Data aggregation

Data aggregation helps data analyst:

  • identify trends
  • make comparisons
  • gain insights

VLOOKUP (Spreadsheet)

VLOOKUP stands for vertical lookup.

Basically, it's a function that searches for a certain value in a column to return a corresponding piece of information.

VLOOKUP has 4 parameters.

=VLOOKUP(
  What you want to look up,
  Where you want to look for it,
  The column number in the range containing the value to return,
  Return an Approximate or Exact match – indicated as 1/TRUE, or 0/FALSE
).

Usually, we use absolute reference in the second parameters. For exemple, Sheet2!$A$2:$D$9.

Before using VLOOKUP, we need the clean the data first.

  • VALUE: convert string to number
  • TRIM: remove extra spaces

VLOOKUP only returns the first match it finds and can only search to the right.

  • You want the column that matches the search key in a VLOOKUP formula to be on the left side of the data. VLOOKUP only looks at data to the right after a match is found. In other words, the index for VLOOKUP indicates columns to the right only.

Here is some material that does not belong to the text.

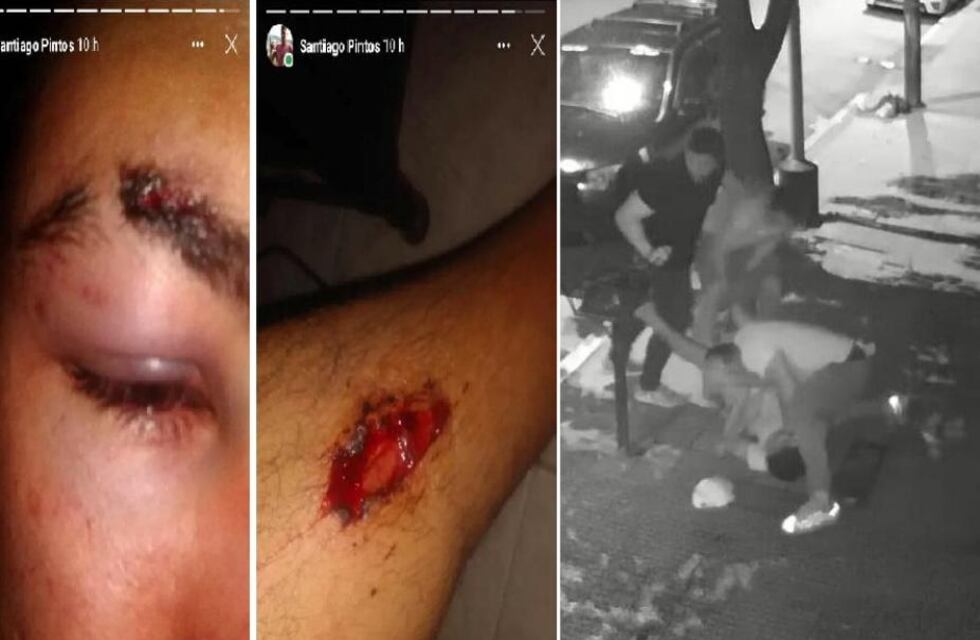 Concepción: golpearon brutalmente a un joven a la salida de un pub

This may require you to move columns around before you use VLOOKUP.

JOIN (SQL)

  • INNER JOIN: return the records that exist where the tables are overlapping.

  • LEFT JOIN: return all the records from the left table and only the matching records from the right table.

  • RIGHT JOIN: return all records from the right table and only the matching records from the left.

  • OUTER JOIN: combines RIGHT and LEFT JOIN to return all matching records in both tables.

join-types

Subquery (SQL)

  • A subquery may be nested in a SELECT clause.

  • For a subquery to compare multiple columns, those columns must be selected in the main query.

  • A SET command can’t have a nested subquery because it is used with UPDATE to adjust specific columns and values in a table.